ClickHouse

Clickhouse and Its Limitations with JOINS

Clickhouse and the limitations when it comes to JOINS

Written by Armend Avdijaj30/03/2025, 11.23
hero about image

Clickhouse and Its Limitations with JOINS

This tutorial will introduce you to Clickhouse and discuss the limitations it has when it comes to JOINS. Let’s start by covering what Clickhouse is.

Introduction to Clickhouse

Clickhouse has rapidly become the go to option for analytical workloads, but like any tool, it comes with its own set of trade-offs — especially when handling JOIN operations.

Clickhouse is a column-oriented database system designed specifically for analytical workloads (also known as OLAP). It excels in scenarios like real-time log analysis, time-series data processing, and large-scale event tracking due to its ability to process billions of rows per second. One notable aspect of Clickhouse is that it offers both cloud and open-source versions, providing flexibility for testing and deploying it based on application needs. The open-source version, released under the Apache 2.0 license, allows users to self-host, and customize the system to meet specific requirements. Meanwhile, the managed cloud service reduces operational overhead, making Clickhouse accessible even for teams without dedicated infrastructure engineers.

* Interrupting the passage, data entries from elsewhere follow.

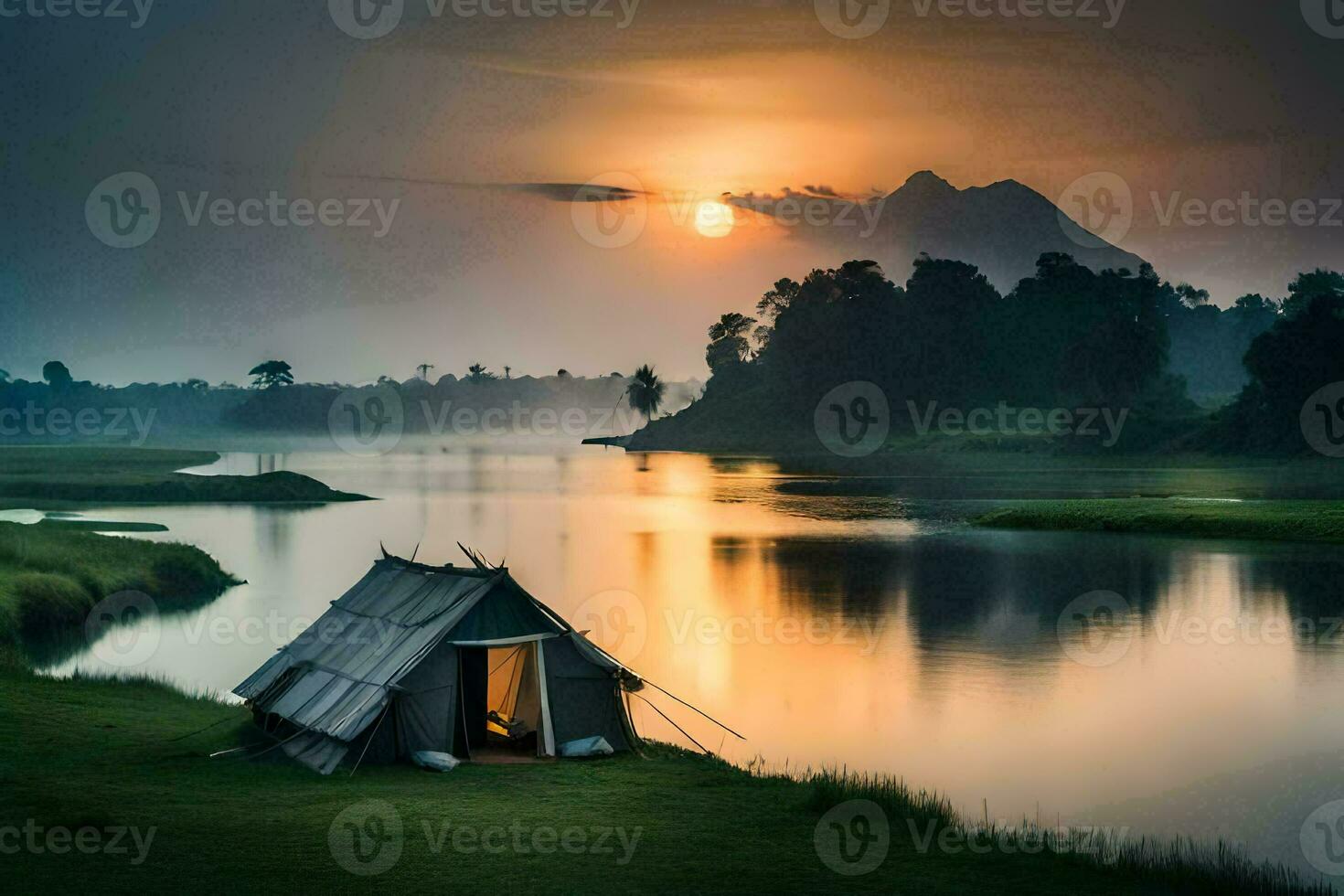 le lever du soleil plus de le lac. généré par ai photo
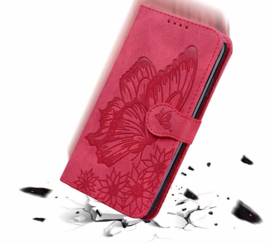 BoekCover Etui Hoes voor Samsung Galaxy A06 - A07  -  Rood -  Vlinder  - Reliëf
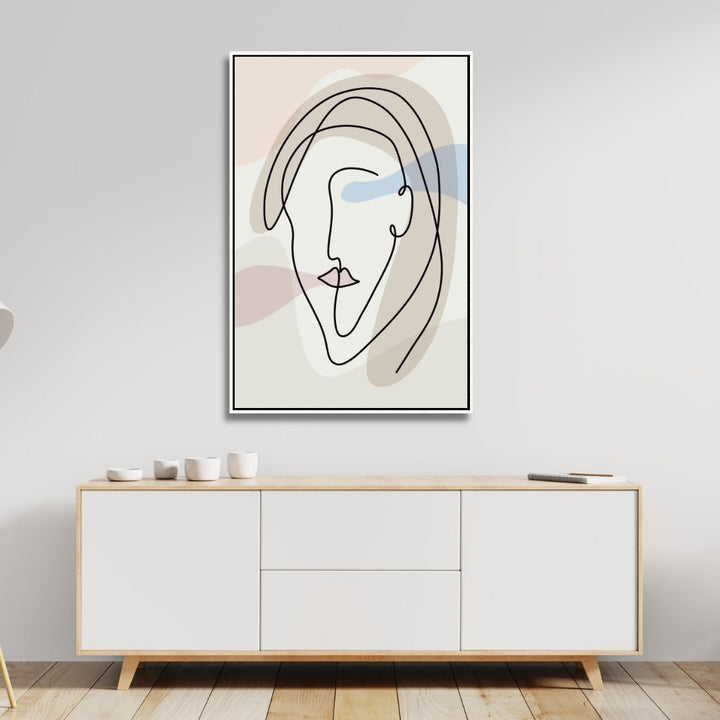 One Line Face Abstract Art - Designity Art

What is a Column-Oriented Database?

column database.png Figure 1: Row vs Column Oriented Databases – A Visual Overview

To understand it’s strengths and limitations, it’s crucial to grasp the concept of column-oriented storage. Traditional DBMS systems like MySQL are row-oriented, which meant that data is stored sequentially by rows. While this structure resulted in really good performance for inserting and deleting records, there are major bottlenecks in querying, filtering, and aggregating data (i.e., Analytical queries). The reason for this bottleneck is that even if you need data from one or two columns, the system must read entire rows from disk, wasting valuable I/O resources.

Column-oriented databases solve this problem by storing data sequentially by columns instead of rows. This methodology has a lot of advantages:

  • Faster Queries: Only the relevant columns are read during a query, reducing I/O operations, and speeding up results.
  • Efficient Storage: Storing similar data types together allows for better compression, reducing storage costs.
  • Accelerated Aggregations: Operations like SUM, AVG, and COUNT can be performed faster because the database can scan entire columns without row-wise access.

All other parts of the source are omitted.